→ EXERCISE AIM
Starting at the line containing "When it's time" and ending at the line containing "It is not safe", print every line of the material below exactly, both ends included, and stop there.

◆ ◆ ◆ ◆ ◆ ◆ ◆

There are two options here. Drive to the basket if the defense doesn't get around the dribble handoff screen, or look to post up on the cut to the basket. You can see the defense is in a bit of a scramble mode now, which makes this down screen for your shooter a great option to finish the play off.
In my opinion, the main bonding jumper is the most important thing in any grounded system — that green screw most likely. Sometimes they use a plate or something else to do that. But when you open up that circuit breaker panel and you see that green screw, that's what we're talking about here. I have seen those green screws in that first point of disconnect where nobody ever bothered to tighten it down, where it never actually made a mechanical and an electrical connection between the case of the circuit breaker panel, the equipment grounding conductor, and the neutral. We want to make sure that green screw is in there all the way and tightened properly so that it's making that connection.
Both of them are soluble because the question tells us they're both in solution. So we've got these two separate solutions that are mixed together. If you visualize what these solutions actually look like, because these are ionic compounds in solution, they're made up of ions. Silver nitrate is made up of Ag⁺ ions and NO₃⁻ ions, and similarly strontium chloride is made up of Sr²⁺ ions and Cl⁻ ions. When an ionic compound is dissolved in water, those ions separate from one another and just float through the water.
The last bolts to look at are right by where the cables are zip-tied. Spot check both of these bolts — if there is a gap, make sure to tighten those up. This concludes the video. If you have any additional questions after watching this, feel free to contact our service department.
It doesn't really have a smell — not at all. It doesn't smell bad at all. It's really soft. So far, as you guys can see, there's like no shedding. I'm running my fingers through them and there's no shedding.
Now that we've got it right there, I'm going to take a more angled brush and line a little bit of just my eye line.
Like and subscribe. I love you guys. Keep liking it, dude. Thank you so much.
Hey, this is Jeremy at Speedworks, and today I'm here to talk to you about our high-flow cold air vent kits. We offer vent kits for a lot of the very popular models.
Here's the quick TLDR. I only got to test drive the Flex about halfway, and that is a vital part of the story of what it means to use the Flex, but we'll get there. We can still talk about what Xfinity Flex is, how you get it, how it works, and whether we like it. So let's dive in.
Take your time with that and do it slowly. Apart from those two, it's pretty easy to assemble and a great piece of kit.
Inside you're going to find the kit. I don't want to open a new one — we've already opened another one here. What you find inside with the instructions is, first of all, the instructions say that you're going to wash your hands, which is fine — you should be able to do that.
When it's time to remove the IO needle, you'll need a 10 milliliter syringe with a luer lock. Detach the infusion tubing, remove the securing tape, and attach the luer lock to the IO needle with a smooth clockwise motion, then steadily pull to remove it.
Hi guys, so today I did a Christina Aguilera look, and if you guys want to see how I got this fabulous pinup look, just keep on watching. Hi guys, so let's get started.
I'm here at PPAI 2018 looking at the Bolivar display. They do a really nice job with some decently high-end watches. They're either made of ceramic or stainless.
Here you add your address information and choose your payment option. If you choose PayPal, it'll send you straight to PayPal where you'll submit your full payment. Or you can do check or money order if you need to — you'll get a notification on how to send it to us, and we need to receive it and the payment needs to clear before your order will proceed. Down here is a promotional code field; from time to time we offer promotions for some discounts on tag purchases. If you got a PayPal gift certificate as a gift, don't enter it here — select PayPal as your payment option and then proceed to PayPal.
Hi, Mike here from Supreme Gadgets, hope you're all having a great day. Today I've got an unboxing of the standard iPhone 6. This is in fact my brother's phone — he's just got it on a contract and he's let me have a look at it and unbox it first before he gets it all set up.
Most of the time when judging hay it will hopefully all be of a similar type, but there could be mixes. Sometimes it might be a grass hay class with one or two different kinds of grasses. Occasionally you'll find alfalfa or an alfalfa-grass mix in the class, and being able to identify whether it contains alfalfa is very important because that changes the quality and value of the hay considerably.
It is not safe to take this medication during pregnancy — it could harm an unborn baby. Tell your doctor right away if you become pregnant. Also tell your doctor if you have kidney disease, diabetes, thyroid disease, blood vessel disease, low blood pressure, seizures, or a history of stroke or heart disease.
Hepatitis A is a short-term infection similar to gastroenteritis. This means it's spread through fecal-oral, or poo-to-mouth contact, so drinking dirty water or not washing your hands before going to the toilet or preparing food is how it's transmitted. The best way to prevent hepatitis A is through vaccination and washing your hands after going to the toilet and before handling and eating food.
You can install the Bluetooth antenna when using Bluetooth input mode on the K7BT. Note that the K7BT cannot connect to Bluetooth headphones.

◆ ◆ ◆ ◆ ◆ ◆ ◆

→ OUTPUT OF THE TASK
When it's time to remove the IO needle, you'll need a 10 milliliter syringe with a luer lock. Detach the infusion tubing, remove the securing tape, and attach the luer lock to the IO needle with a smooth clockwise motion, then steadily pull to remove it.
Hi guys, so today I did a Christina Aguilera look, and if you guys want to see how I got this fabulous pinup look, just keep on watching. Hi guys, so let's get started.
I'm here at PPAI 2018 looking at the Bolivar display. They do a really nice job with some decently high-end watches. They're either made of ceramic or stainless.
Here you add your address information and choose your payment option. If you choose PayPal, it'll send you straight to PayPal where you'll submit your full payment. Or you can do check or money order if you need to — you'll get a notification on how to send it to us, and we need to receive it and the payment needs to clear before your order will proceed. Down here is a promotional code field; from time to time we offer promotions for some discounts on tag purchases. If you got a PayPal gift certificate as a gift, don't enter it here — select PayPal as your payment option and then proceed to PayPal.
Hi, Mike here from Supreme Gadgets, hope you're all having a great day. Today I've got an unboxing of the standard iPhone 6. This is in fact my brother's phone — he's just got it on a contract and he's let me have a look at it and unbox it first before he gets it all set up.
Most of the time when judging hay it will hopefully all be of a similar type, but there could be mixes. Sometimes it might be a grass hay class with one or two different kinds of grasses. Occasionally you'll find alfalfa or an alfalfa-grass mix in the class, and being able to identify whether it contains alfalfa is very important because that changes the quality and value of the hay considerably.
It is not safe to take this medication during pregnancy — it could harm an unborn baby. Tell your doctor right away if you become pregnant. Also tell your doctor if you have kidney disease, diabetes, thyroid disease, blood vessel disease, low blood pressure, seizures, or a history of stroke or heart disease.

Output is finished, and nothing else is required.